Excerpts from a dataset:

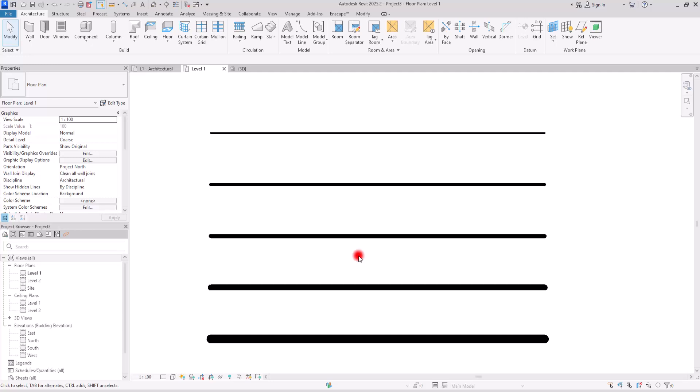Line weight in Revit is a topic that often doesn't receive much attention, yet it plays a crucial role in achieving high quality end results in our work. In this video, we will explore the ins and outs of line weight and discuss how we can manage it effectively. We also have a question from you related to the subject that we will address at the end.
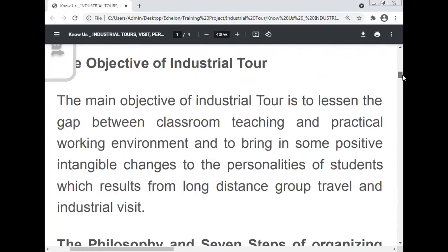The objective of the industrial tour: the main objective is to lessen the gap between classroom teaching and the practical working environment, and to bring some positive intangible changes to the personality of the student, which result from long-distance group travel and the industrial visit.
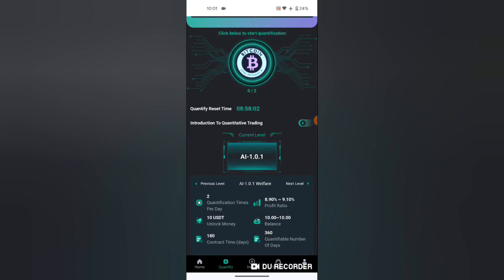I will quantify. You will click here. There is this Bitcoin button here on top with two tasks to perform. That is quantification.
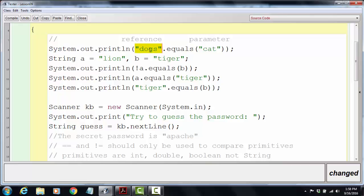When the compiler sees a string followed by a method, the string serves as the point of reference for where to find directions on how to operate this method. So it goes to the string class, finds the equals method, and follows the set of instructions there.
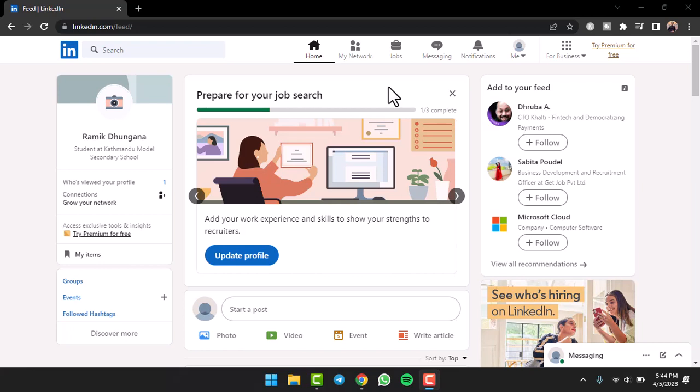How to hide viewing profile on LinkedIn. Hey everyone, welcome back to another tutorial video. In today's video, I'll show you how you can hide yourself when viewing other's profiles.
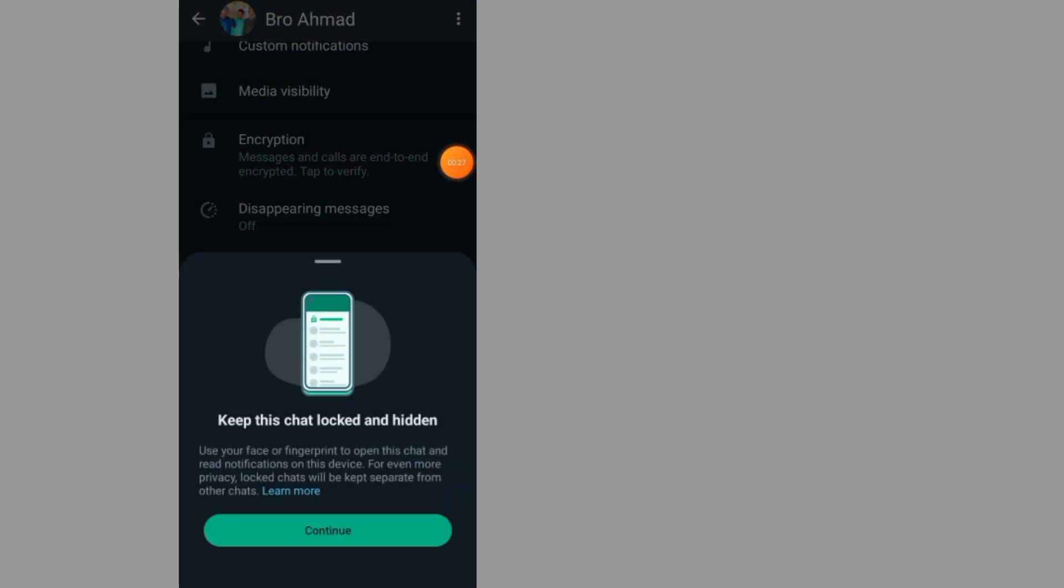Now tap on this. Keep this chat locked and hidden. Tap on continue. Use your fingerprint or passcode to lock this chat. I'll use my fingerprint.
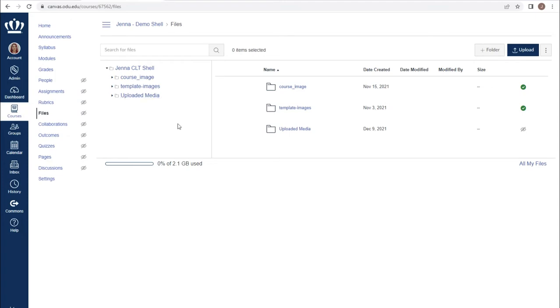Please note that if you access the Files menu from within the specific course, you will only have access to the files for that course. To use global files, you would need to proceed to your account menu.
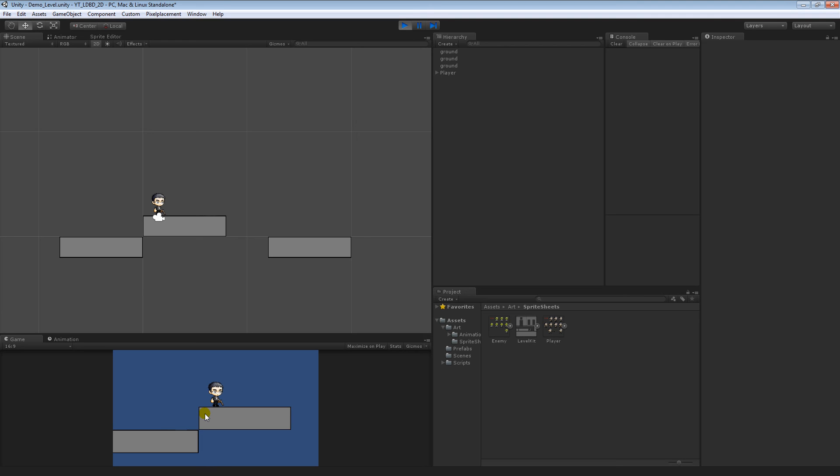Generally, before you run into any enemies, you want to get moving and jumping out of the way. Those are probably the two most important things for 2D platformers. So, I'm going to leave it there.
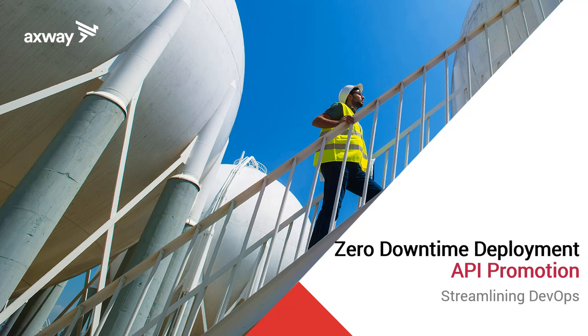Hello. In this video, I will demonstrate zero downtime deployment for API promotion in Axway API management solution.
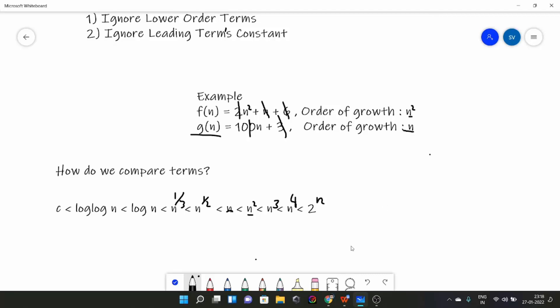I will end the lecture here. In the next video we will learn about asymptotic notations, which will include O(n) and theta(n). We will also cover what can be the best and worst time complexities. See you next time.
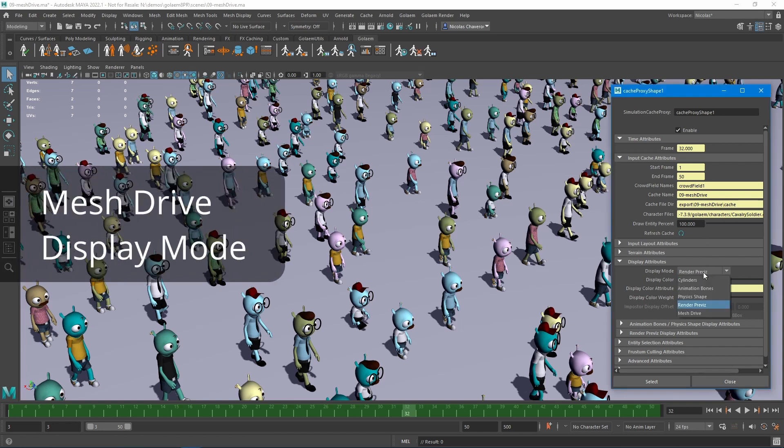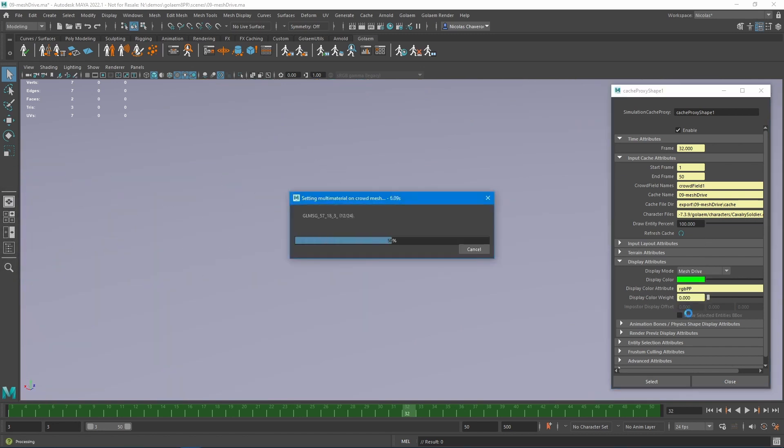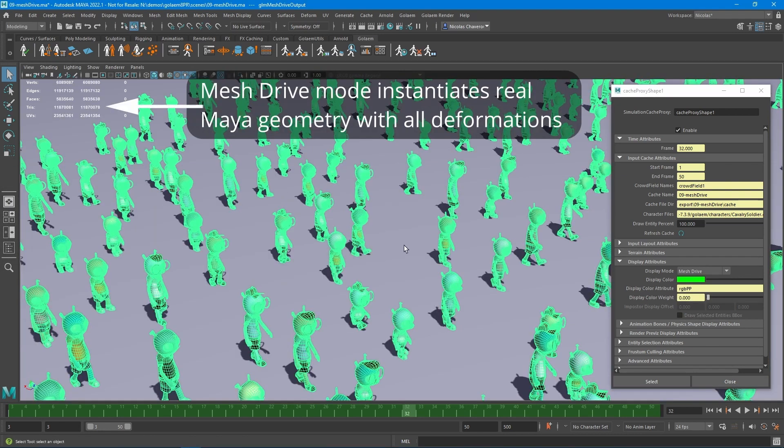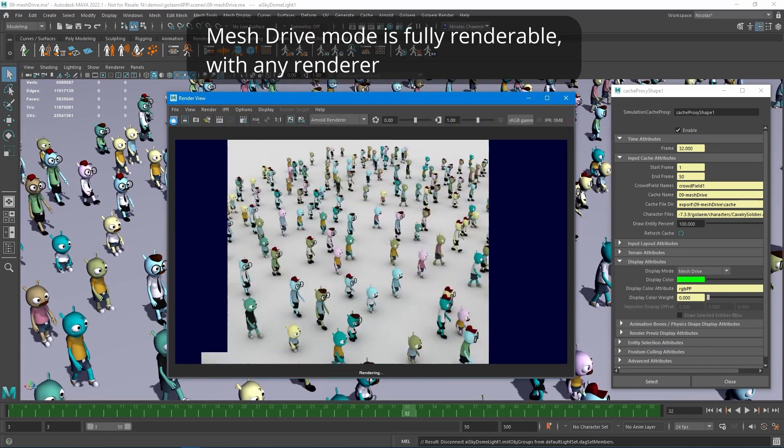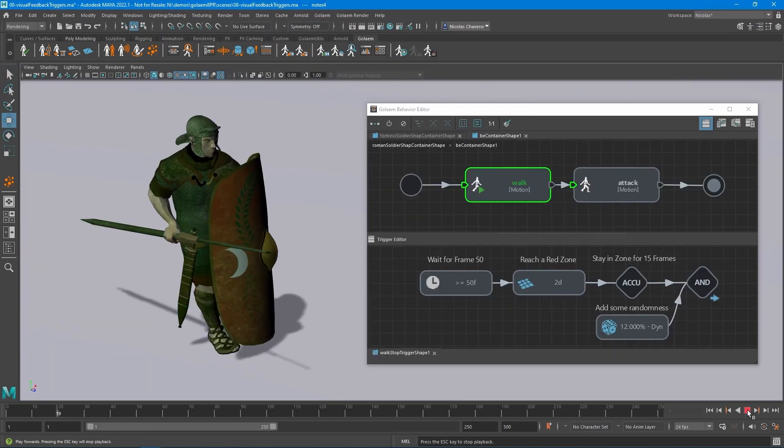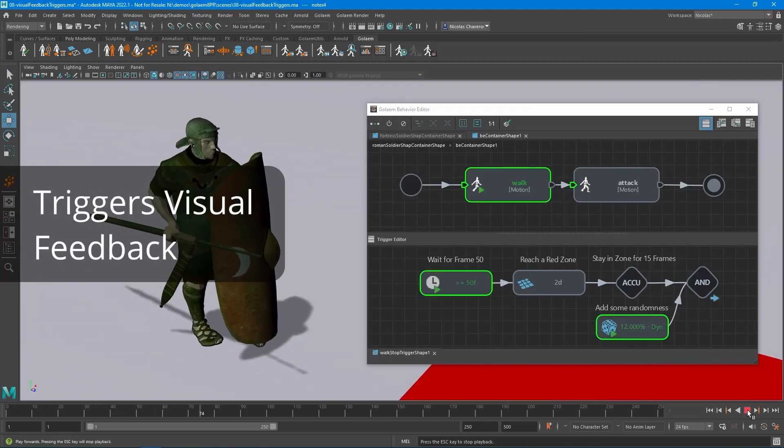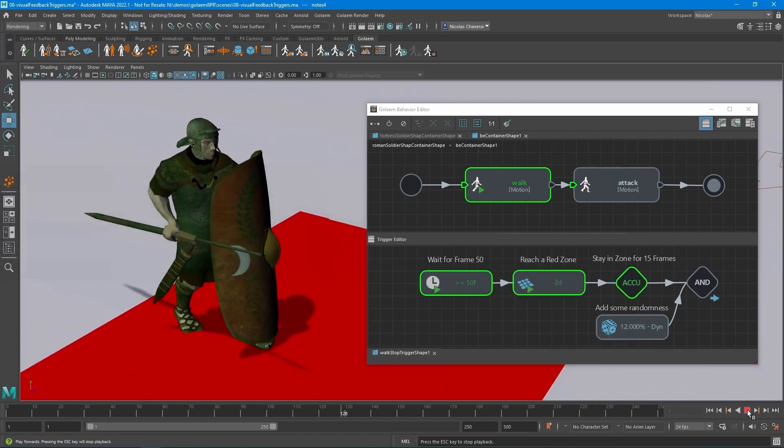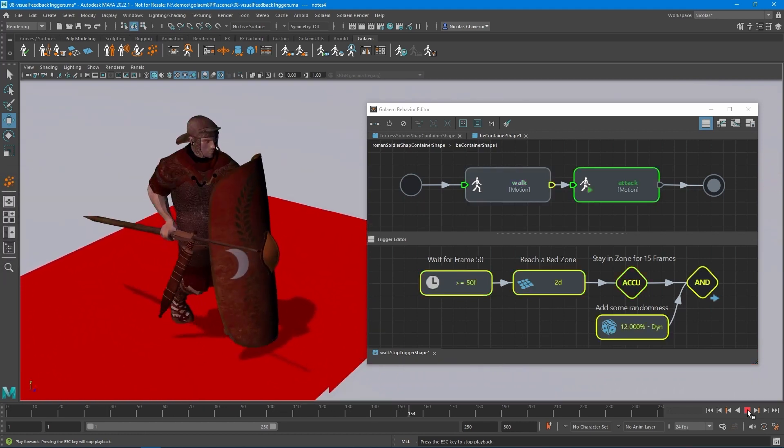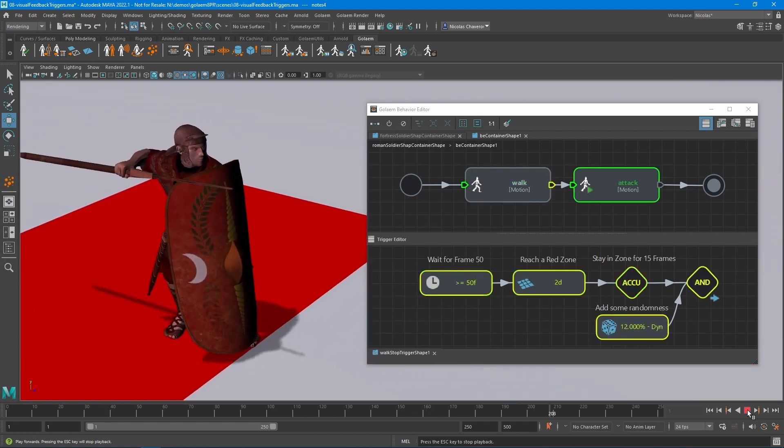Moreover, it has now a new Mass Drive display mode to generate real Maya geometry for all characters, including all deformations. What's more, Golem 8 now has triggers visual feedback to allow you to click on any character in the crowd and follow how their behavior is executed.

## Task statement
The entries are to be reproduced exactly, excluding any pictures they contain.

## Result of this exercise
Line weight in Revit is a topic that often doesn't receive much attention, yet it plays a crucial role in achieving high quality end results in our work. In this video, we will explore the ins and outs of line weight and discuss how we can manage it effectively. We also have a question from you related to the subject that we will address at the end.
The objective of the industrial tour: the main objective is to lessen the gap between classroom teaching and the practical working environment, and to bring some positive intangible changes to the personality of the student, which result from long-distance group travel and the industrial visit.
I will quantify. You will click here. There is this Bitcoin button here on top with two tasks to perform. That is quantification.
When the compiler sees a string followed by a method, the string serves as the point of reference for where to find directions on how to operate this method. So it goes to the string class, finds the equals method, and follows the set of instructions there.
How to hide viewing profile on LinkedIn. Hey everyone, welcome back to another tutorial video. In today's video, I'll show you how you can hide yourself when viewing other's profiles.
Now tap on this. Keep this chat locked and hidden. Tap on continue. Use your fingerprint or passcode to lock this chat. I'll use my fingerprint.
Please note that if you access the Files menu from within the specific course, you will only have access to the files for that course. To use global files, you would need to proceed to your account menu.
Generally, before you run into any enemies, you want to get moving and jumping out of the way. Those are probably the two most important things for 2D platformers. So, I'm going to leave it there.
Hello. In this video, I will demonstrate zero downtime deployment for API promotion in Axway API management solution.
I will end the lecture here. In the next video we will learn about asymptotic notations, which will include O(n) and theta(n). We will also cover what can be the best and worst time complexities. See you next time.
Moreover, it has now a new Mass Drive display mode to generate real Maya geometry for all characters, including all deformations. What's more, Golem 8 now has triggers visual feedback to allow you to click on any character in the crowd and follow how their behavior is executed.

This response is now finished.